Dans plusieurs de ses textes, Platon semble nous inviter à nous méfier des « poètes », de ceux qu’il appelle ainsi, et irait même, dans La République, jusqu’à les exclure de sa Cité idéale. Pourtant, Platon, c’est aussi le philosophe qui cite à de multiples reprises les poètes qui ont fait son éducation (Pindare, Hésiode, Homère, entre autres) et c’est aussi et surtout un fabricant de mythes (le mythe d’Er le pamphylien, l’allégorie de la caverne, le mythe de l’androgyne, le mythe de Theuth…). La « condamnation » par Platon des poètes n’est donc pas si simple.
Pour la comprendre, il faut déjà ressaisir le sens premier du grec poiêtês qui ne désigne pas seulement ce que nous appelons « poète », mais plus largement tous ceux qui produisent des œuvres. Or, c’est le statut de ces œuvres qui est à l’origine de la critique platonicienne car produire une œuvre c’est produire un être second, un être artificiel qui a l’apparence d’un autre être. Produire une œuvre c’est produire ce que l’on appelle plus généralement une image. Et c’est bien le statut ontologique de l’image qui est au cœur de la réflexion platonicienne : qu’est-ce que c’est qu’une image ? à quel type d’être fait-on référence quand on dit que telle chose est une image ? et quelle est la puissance propre à ces choses que sont les images ?

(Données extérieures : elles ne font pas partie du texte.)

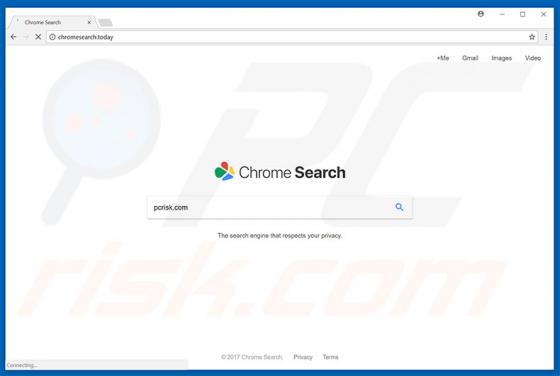Redirection vers Chromesearch.today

Prenons quelques exemples contemporains pour nous convaincre de la pertinence de cette question. Regardons un enfant attiré par les écrans, soyons attentifs aux questions que peut soulever le traitement médiatique de tel ou tel fait d’actualité et à son « effet zoom », ou, encore, pour rendre justice aux faiseurs d’images, au tableau la trahison des images de René Magritte. S’il n’est donc pas question de ne plus produire d’œuvres, il semble néanmoins nécessaire de nous interroger sur ce que l’on fait quand on fait une œuvre pour pouvoir en saisir la portée et distinguer ainsi la copie qui nous invite à la dépasser pour atteindre son modèle, du simulacre qui tend à faire oublier son modèle et à se faire passer pour seule réalité.